Matter of Phelps v State of N.Y.—Unified Ct. Sys. |
2022 NY Slip Op 05088 [208 AD3d 880] |
August 31, 2022 |
Appellate Division, Second Department |
Published by New York State Law Reporting Bureau pursuant to Judiciary Law § 431. |
In the Matter of John Phelps, Petitioner, v State of New York—Unified Court System, Respondent. |
Clifton Budd & DeMaria, LLP, New York, NY (Douglas P. Catalano and Kathryn E. Cronin of counsel), for petitioner.
Eileen D. Millett, New York, NY (Elizabeth A. Forman and Pedro Morales of counsel), for respondent.
Proceeding pursuant to CPLR article 78 to review a determination of the New York State Unified Court System dated May 9, 2019. The determination adopted the findings and recommendation of a hearing officer dated March 15, 2019, made after a hearing, that the petitioner was guilty of certain charges of misconduct, and terminated the petitioner's employment as a court reporter.
Adjudged that the determination is confirmed, the petition is denied, and the proceeding is dismissed on the merits, with costs.
The petitioner was employed as a court reporter by the New York State Unified Court System (hereinafter UCS) from approximately 1998 until his employment was terminated on or about May 9, 2019. At all times relevant to this proceeding, the petitioner was employed as a Principal Court Reporter. On or about March 28, 2018, a notice of charges was filed against the petitioner, alleging that he had engaged in specified acts of misconduct, including a failure to perform the duties and responsibilities of his job title and abuse of authority. The petitioner denied the charges.
At a hearing in December 2018, the petitioner and several other UCS employees testified.

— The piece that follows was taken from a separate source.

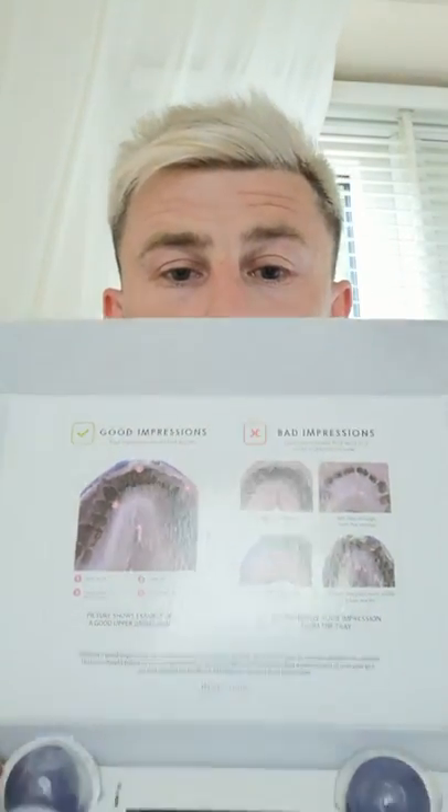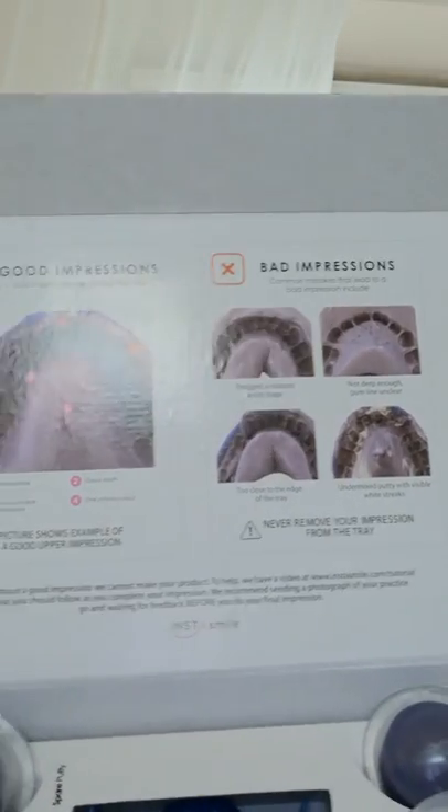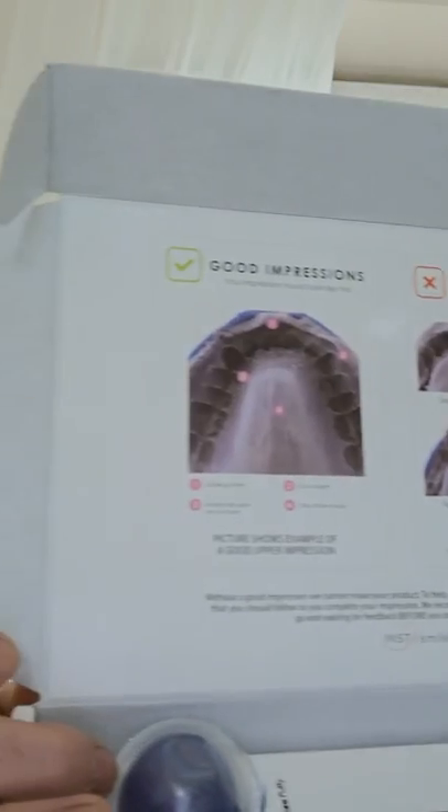This is the lid. Inside, obviously, if you're unsure if you've got it right or wrong, it's all there on the lid. They also send you free postage with a bag, so you can put your molds after you've done them to send them back. In this box you get your upper tray.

At the conclusion of the hearing, by report and recommendation dated March 15, 2019, a hearing officer found the petitioner guilty of each specified act of misconduct and recommended that the petitioner be terminated from his position. In a determination dated May 9, 2019, Deputy Chief Administrative Judge George J. Silver adopted the hearing officer's findings and recommendation, found the petitioner guilty of the specified misconduct, and terminated the petitioner from his position. The petitioner commenced the instant CPLR article 78 proceeding to review the determination. The proceeding was transferred to this Court pursuant to CPLR 7804 (g).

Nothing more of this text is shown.